--- PROBLEM DESCRIPTION ---
Reproduce, without any change, the span of lines from the opening of the records below to the line containing "罗意威大秀阵容 品牌大秀星光", inclusive.

::::

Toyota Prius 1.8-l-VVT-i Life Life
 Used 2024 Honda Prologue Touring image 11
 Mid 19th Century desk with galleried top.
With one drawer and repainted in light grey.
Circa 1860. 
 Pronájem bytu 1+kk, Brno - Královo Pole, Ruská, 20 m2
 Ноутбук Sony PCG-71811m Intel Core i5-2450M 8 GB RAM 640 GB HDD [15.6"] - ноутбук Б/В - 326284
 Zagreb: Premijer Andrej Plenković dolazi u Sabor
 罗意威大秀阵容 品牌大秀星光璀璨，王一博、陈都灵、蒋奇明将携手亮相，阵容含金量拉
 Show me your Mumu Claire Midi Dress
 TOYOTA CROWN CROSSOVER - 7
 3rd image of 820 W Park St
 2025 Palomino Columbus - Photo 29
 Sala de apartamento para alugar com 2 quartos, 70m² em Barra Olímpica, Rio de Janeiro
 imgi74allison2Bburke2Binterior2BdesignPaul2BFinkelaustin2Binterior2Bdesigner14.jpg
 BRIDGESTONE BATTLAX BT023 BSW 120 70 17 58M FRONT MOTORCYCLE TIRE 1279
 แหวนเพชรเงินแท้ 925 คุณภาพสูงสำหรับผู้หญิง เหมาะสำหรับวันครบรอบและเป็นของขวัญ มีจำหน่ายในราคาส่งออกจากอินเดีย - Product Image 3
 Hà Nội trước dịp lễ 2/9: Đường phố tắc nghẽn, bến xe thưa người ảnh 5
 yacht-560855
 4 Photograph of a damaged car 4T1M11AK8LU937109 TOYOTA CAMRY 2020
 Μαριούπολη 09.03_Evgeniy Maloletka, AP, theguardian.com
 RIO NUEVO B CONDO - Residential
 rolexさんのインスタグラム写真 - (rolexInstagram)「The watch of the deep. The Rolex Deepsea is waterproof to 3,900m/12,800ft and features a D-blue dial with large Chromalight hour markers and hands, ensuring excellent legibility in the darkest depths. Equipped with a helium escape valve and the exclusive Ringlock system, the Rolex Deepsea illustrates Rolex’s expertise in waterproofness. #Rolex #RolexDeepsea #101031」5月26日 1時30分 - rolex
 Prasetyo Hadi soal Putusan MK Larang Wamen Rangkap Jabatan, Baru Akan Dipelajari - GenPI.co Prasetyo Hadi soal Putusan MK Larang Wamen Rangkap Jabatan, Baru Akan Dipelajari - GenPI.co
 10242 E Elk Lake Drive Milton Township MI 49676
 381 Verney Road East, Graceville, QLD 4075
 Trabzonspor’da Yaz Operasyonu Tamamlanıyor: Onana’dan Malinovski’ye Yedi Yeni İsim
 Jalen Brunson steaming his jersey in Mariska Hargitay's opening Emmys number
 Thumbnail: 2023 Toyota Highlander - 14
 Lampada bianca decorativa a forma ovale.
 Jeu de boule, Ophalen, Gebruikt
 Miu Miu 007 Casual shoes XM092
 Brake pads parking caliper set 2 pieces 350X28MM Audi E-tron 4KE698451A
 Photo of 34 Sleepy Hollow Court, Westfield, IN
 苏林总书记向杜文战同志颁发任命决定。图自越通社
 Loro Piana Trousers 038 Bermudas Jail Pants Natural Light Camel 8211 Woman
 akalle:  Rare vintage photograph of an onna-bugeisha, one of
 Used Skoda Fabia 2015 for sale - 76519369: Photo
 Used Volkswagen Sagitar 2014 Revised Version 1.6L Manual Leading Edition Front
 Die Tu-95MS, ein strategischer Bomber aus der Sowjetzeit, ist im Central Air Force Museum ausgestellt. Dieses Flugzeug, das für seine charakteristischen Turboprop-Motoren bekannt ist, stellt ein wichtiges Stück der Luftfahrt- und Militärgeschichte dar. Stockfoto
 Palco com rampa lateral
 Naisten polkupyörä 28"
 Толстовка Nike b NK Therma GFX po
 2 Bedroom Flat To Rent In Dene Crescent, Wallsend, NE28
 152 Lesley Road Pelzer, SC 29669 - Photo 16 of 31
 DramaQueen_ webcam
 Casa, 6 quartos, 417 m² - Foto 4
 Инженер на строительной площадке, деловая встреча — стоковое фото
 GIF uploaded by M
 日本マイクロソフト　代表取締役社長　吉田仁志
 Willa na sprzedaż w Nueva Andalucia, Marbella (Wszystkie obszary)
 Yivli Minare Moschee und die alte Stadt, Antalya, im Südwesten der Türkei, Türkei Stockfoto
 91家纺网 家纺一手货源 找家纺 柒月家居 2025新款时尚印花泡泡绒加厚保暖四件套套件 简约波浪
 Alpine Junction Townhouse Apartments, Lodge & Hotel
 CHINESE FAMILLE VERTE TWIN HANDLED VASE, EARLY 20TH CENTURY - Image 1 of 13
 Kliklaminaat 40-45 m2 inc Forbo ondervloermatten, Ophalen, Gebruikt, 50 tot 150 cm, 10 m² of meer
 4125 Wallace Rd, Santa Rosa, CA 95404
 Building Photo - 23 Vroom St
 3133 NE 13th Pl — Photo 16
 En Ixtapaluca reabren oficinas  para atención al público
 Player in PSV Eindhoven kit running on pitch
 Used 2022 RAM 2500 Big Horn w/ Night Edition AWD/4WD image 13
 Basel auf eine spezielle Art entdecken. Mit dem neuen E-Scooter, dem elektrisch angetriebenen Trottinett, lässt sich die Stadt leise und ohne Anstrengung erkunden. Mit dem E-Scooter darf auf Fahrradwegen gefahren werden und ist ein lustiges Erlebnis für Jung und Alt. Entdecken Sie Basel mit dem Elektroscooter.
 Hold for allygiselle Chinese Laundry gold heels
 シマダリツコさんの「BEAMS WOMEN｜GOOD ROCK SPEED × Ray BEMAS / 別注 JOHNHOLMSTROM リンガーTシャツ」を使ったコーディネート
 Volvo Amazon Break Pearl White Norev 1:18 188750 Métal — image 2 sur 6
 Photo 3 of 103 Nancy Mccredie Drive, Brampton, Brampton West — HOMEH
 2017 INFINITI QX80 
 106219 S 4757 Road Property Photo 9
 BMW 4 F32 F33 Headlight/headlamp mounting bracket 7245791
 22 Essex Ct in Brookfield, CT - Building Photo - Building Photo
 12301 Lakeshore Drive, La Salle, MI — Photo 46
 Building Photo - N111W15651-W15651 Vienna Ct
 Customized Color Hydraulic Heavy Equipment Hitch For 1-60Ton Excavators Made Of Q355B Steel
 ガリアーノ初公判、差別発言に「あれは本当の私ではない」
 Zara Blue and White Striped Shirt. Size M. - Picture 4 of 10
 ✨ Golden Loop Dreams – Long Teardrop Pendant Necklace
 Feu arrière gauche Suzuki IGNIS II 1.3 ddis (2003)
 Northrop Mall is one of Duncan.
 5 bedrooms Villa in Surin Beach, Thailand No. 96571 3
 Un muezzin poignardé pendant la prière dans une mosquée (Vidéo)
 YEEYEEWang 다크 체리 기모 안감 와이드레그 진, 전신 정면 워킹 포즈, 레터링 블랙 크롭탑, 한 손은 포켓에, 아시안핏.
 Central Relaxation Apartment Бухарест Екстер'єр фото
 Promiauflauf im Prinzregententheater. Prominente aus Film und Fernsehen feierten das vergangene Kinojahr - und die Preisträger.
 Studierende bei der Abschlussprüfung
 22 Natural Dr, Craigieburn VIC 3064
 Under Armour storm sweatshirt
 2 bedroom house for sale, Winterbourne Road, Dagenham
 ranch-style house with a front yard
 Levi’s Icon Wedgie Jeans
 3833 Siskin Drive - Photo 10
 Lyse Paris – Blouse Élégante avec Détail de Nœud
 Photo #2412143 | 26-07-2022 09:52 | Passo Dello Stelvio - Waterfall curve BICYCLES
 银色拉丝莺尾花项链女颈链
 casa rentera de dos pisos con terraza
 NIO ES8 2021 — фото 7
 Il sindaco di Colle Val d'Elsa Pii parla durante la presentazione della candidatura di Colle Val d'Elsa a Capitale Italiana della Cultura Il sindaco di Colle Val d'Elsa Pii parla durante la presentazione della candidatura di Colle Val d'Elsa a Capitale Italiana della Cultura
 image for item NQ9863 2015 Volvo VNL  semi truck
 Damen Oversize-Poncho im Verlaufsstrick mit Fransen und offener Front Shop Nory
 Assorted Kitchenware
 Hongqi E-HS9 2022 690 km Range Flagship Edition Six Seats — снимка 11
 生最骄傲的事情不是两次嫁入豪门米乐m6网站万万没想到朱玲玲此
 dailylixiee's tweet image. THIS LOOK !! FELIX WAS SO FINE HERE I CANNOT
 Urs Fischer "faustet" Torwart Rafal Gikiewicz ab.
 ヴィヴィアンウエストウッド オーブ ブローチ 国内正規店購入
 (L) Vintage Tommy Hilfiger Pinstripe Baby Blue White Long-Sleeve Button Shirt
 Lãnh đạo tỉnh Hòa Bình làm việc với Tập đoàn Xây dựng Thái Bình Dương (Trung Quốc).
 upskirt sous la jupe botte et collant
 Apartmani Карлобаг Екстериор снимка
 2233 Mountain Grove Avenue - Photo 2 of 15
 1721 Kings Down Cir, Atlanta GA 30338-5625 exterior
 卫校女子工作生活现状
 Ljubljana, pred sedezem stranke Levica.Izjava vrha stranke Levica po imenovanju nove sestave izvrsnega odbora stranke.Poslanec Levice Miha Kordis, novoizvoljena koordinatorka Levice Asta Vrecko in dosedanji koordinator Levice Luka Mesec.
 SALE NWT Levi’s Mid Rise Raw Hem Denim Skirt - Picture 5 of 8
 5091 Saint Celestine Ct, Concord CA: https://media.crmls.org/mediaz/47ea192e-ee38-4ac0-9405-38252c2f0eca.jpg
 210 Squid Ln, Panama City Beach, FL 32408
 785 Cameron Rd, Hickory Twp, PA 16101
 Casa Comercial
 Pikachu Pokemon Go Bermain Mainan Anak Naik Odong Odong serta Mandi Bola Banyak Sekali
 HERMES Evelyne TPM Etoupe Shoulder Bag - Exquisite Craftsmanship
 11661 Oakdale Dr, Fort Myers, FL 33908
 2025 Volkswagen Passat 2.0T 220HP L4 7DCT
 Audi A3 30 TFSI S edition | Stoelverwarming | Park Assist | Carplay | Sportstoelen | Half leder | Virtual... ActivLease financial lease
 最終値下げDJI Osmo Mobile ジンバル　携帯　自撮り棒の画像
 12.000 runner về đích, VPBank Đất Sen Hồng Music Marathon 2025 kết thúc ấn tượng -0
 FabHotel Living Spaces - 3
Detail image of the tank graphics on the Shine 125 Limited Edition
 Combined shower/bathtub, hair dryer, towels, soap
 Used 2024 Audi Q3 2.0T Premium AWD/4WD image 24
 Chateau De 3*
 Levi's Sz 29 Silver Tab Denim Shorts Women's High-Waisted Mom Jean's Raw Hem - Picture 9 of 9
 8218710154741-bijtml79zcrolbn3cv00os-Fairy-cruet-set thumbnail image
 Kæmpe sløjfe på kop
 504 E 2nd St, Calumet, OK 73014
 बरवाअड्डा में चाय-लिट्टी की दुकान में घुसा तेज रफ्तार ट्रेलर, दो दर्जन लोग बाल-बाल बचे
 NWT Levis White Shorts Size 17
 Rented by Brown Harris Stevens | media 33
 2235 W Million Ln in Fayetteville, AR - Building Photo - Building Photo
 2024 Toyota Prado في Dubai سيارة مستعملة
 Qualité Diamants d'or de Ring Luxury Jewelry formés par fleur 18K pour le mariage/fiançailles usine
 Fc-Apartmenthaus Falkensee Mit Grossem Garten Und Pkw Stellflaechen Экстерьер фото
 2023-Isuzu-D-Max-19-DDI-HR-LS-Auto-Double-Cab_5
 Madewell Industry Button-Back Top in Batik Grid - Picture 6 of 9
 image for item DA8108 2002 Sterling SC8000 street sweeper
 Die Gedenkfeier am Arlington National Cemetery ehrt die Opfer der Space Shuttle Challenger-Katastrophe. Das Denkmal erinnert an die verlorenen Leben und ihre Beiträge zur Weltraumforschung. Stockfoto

::::

--- OUTPUT ---
Toyota Prius 1.8-l-VVT-i Life Life
 Used 2024 Honda Prologue Touring image 11
 Mid 19th Century desk with galleried top.
With one drawer and repainted in light grey.
Circa 1860. 
 Pronájem bytu 1+kk, Brno - Královo Pole, Ruská, 20 m2
 Ноутбук Sony PCG-71811m Intel Core i5-2450M 8 GB RAM 640 GB HDD [15.6"] - ноутбук Б/В - 326284
 Zagreb: Premijer Andrej Plenković dolazi u Sabor
 罗意威大秀阵容 品牌大秀星光璀璨，王一博、陈都灵、蒋奇明将携手亮相，阵容含金量拉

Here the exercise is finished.